Kimler göz tansiyonu riski taşır?
Glokomun en önemli nedeninin genetik olduğunu anlatan Gürkaynak, “Ailesinde glokom bulunan kişiler özellikle risk altındadır. Miyop kişilerde glokom sıklığı daha yüksektir. Miyop derecesi arttıkça glokom sıklığı da artar. Hipermetrop olan bireylerde dar açılı glokom daha sık görülmektedir. Her türlü yoldan ( tablet, pomat, burun ve ağız içi sprey, göz damlası) kortizonlu ilaç kullanımı göz-tansiyon yüksekliğin yapabildiğinden bu kişilerde sık göz tansiyonu kontrolü yapılmalıdır.
Ayrıca diyabet, üveit, retina damar tıkanıklıkları, retina dekolmanı ve göz travmaları glokoma beden olabilir. Migreni olan kişilerde de glokom daha sık görülmektedir. Glokom tedavisinde başlıca üç yol mevcuttur. İlaç tedavisi, lazer uygulaması, cerrahi tedavi. Tedavide kullanılan birçok damla mevcuttur. Bunlar değişik yollarla göz içi basıncını düşürürler. Erken dönem glokom ve genç hastalarda damla tedavisi ilk seçenektir. Damlanın önerildiği biçimde ve hiç aksatmadan kullanılması gerekmektedir. Bu ilaçların bazıları astımlı hastalarda solunum zorluğu, kalp de ritim bozukluğu yapmaktadır. Bu yönden hastalar uyarılmalı ve dikkatle kullanılmalıdır. Glokomlu bir hastada göz içi basıncı damla tedavisi ile normal seyrediyorsa görme sinirinde hasar olmuyorsa, damla tedavisi sürekli ve hayat boyu devam etmelidir. Düzenli aralarla göz tansiyonu ve ölçümleri tekrarlanmalıdır. Glokom tedavisinde ilaç tedavisine yeterli cevap alınamayan hastalarda lazer, ameliyat öncesi bir tedavi seçeneğidir. Çok yüksek olmayan göz tansiyonunda etkilidir. Etkisi 2-3 yıldır. Uygun hastalarda etkili bir tedavi alternatifidir. Lokal anestezi ile oturur pozisyonda uygulanan ağrısız bir işlemdir. Dar açılı glokomda ilk tedavi yöntemidir. Glokomlu bir hastada göz tansiyonu, tüm ilaç ve lazer tedavisine rağmen düşürülemiyorsa, göz siniri tahribatı ilerliyorsa ameliyat kaçınılmazdır. Göz tansiyonu çok yüksek olan ve görme sinirinde belirgin hasar olan hastalarda ameliyat ilk seçenektir. İlaç tedavisini düzenli uygulayamayan, yaşlı hastalarda da öncelikle cerrahi tercih edilebilir. Glokom ameliyatı lokal anestezi ile yapılır. Hastanın yatması gerekmez. Glokom ameliyatlarında bozulmuş olan görme düzelmez. Çünkü ölmüş sinir hücreleri kendini yenileyemez. Ameliyatla sadece sağ kalmış sinir hücrelerinin daha fazla hasar görmesi önlenebilir. Böylece kalan görme korunur ve körlük önlenir” bilgilerini verdi.

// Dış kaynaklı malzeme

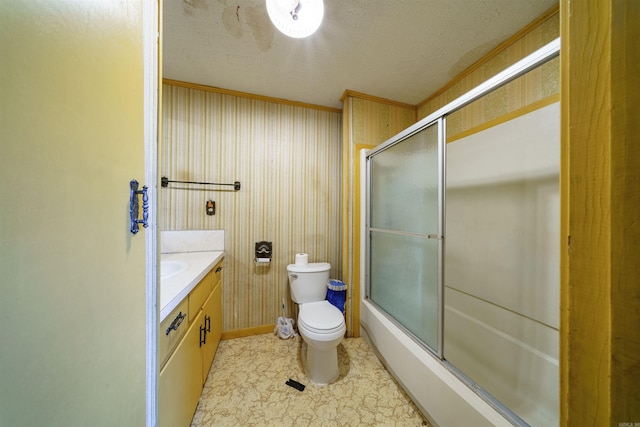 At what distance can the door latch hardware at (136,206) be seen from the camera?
0.46 m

Göz Hastalıkları Uzmanı Opr. Dr. Nurcan Gürkaynak açıklamasını, “İlaç, lazer ya da ameliyatla kontrol altına alınan göz tansiyonu zaman içerisinde yükselebilir. Bu nedenle tanı konulduktan sonra hastaların yılda en az 4 kez tansiyon ölçümü,2 kez de OCT ve görme alanı yapılarak ömür boyu takip edilmesi gerekmektedir. Göz tansiyonu okumayla, yazmayla ya da gözü kullanmakla artmaz. Bu hastalar normal çalışmalarına ve işlerine devam edebilir. Fiziksel aktivitenin kısıtlanması gerekmez, bir seferde ve kısa sürede aşırı su tüketimi (2 litre den fazla) göz tansiyonunu yükseltebilir. Stresten uzak yaşam dengeli beslenme ve düzenli uyku önemlidir” şeklinde tamamladı.